Take the data below and extract the lines from the one with "A99.7 12 KG" to the one with "425 Knotty Pine Circle", inclusive, exactly as written.
---- Data listing
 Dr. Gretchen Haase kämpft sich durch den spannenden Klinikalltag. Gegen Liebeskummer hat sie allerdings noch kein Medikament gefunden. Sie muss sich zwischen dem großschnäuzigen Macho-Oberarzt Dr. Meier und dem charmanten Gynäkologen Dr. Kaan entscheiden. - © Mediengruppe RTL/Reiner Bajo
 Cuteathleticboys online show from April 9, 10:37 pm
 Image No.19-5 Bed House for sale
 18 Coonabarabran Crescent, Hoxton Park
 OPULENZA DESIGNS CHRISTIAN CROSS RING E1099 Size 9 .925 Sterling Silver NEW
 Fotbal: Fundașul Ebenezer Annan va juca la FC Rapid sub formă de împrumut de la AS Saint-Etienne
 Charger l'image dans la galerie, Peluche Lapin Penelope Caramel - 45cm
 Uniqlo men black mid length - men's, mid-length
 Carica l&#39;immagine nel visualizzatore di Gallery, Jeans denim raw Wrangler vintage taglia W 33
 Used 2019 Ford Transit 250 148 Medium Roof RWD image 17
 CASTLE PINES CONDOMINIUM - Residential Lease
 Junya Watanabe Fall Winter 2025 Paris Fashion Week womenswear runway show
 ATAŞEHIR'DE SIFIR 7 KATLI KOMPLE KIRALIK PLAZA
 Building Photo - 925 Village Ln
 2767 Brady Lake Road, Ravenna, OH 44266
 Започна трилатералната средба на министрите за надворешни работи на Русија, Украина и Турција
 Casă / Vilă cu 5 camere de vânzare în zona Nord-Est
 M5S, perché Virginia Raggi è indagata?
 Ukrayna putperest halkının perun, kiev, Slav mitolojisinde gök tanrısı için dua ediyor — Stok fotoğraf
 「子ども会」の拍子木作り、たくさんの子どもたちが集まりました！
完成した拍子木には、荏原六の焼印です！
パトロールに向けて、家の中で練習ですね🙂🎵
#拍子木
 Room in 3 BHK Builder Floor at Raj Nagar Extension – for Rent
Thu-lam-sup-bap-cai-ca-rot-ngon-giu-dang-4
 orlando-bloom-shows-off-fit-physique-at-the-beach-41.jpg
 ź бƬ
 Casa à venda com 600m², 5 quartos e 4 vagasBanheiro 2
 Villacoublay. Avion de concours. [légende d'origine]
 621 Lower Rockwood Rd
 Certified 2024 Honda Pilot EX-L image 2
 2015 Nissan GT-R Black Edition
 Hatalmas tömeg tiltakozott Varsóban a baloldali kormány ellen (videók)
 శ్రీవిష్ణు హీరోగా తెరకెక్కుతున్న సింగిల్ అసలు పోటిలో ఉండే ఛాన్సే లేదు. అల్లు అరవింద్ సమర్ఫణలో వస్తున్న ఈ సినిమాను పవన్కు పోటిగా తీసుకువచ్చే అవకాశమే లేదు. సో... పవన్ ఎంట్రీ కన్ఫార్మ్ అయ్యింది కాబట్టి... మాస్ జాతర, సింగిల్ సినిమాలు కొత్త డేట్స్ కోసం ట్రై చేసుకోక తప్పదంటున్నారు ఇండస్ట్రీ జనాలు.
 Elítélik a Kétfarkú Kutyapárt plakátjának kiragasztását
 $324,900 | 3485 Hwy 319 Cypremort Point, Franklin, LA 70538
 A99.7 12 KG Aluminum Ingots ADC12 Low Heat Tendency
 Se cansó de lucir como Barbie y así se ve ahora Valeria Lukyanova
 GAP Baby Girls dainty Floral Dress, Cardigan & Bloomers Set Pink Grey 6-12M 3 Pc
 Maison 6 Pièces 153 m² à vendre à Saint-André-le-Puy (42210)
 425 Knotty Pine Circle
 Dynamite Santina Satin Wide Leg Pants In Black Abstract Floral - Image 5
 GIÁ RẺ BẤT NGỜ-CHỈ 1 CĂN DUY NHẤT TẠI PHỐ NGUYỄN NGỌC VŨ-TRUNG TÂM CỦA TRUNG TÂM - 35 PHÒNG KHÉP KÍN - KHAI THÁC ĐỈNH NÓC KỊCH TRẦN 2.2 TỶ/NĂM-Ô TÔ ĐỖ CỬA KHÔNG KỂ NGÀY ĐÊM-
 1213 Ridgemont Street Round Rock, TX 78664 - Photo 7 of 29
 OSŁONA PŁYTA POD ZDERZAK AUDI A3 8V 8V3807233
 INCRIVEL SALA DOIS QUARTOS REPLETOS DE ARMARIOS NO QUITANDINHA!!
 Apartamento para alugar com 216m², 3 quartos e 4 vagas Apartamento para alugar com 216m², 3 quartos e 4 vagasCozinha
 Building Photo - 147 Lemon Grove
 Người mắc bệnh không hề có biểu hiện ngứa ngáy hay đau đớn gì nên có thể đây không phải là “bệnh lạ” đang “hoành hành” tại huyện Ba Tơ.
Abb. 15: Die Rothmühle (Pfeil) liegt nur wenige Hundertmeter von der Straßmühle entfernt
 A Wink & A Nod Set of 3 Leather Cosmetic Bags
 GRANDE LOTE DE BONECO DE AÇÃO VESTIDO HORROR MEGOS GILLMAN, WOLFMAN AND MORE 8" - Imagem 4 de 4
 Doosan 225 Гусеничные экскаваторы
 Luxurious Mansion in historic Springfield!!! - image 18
--------
# Solved exercise
 A99.7 12 KG Aluminum Ingots ADC12 Low Heat Tendency
 Se cansó de lucir como Barbie y así se ve ahora Valeria Lukyanova
 GAP Baby Girls dainty Floral Dress, Cardigan & Bloomers Set Pink Grey 6-12M 3 Pc
 Maison 6 Pièces 153 m² à vendre à Saint-André-le-Puy (42210)
 425 Knotty Pine Circle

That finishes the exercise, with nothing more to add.